Problem details -
All of the data should be reproduced word for word, though its pictures must be omitted.

Dataset excerpt -
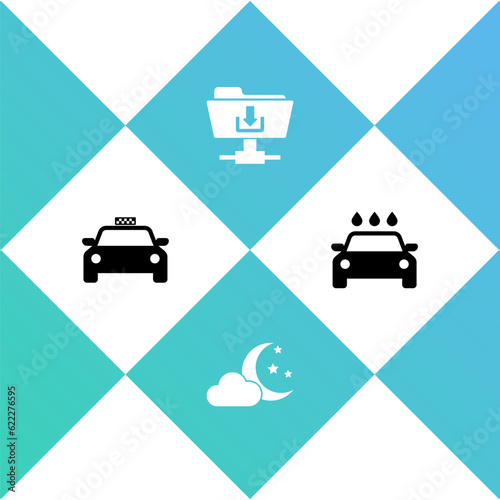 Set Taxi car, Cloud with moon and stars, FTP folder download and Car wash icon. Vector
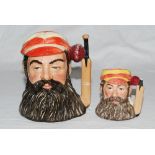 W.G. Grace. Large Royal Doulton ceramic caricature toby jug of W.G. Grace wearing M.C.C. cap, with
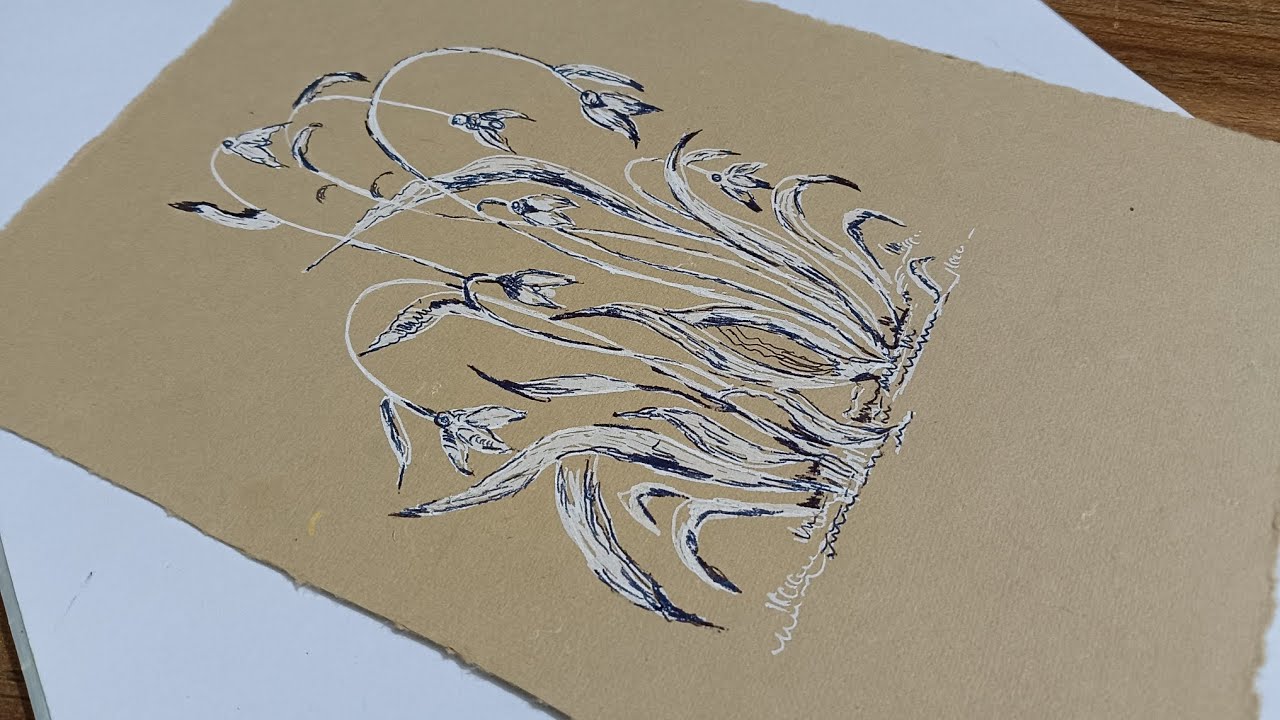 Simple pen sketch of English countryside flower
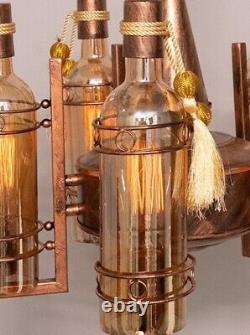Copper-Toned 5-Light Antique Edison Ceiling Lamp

Solution to the problem -
 Set Taxi car, Cloud with moon and stars, FTP folder download and Car wash icon. Vector
 W.G. Grace. Large Royal Doulton ceramic caricature toby jug of W.G. Grace wearing M.C.C. cap, with
 Simple pen sketch of English countryside flower
Copper-Toned 5-Light Antique Edison Ceiling Lamp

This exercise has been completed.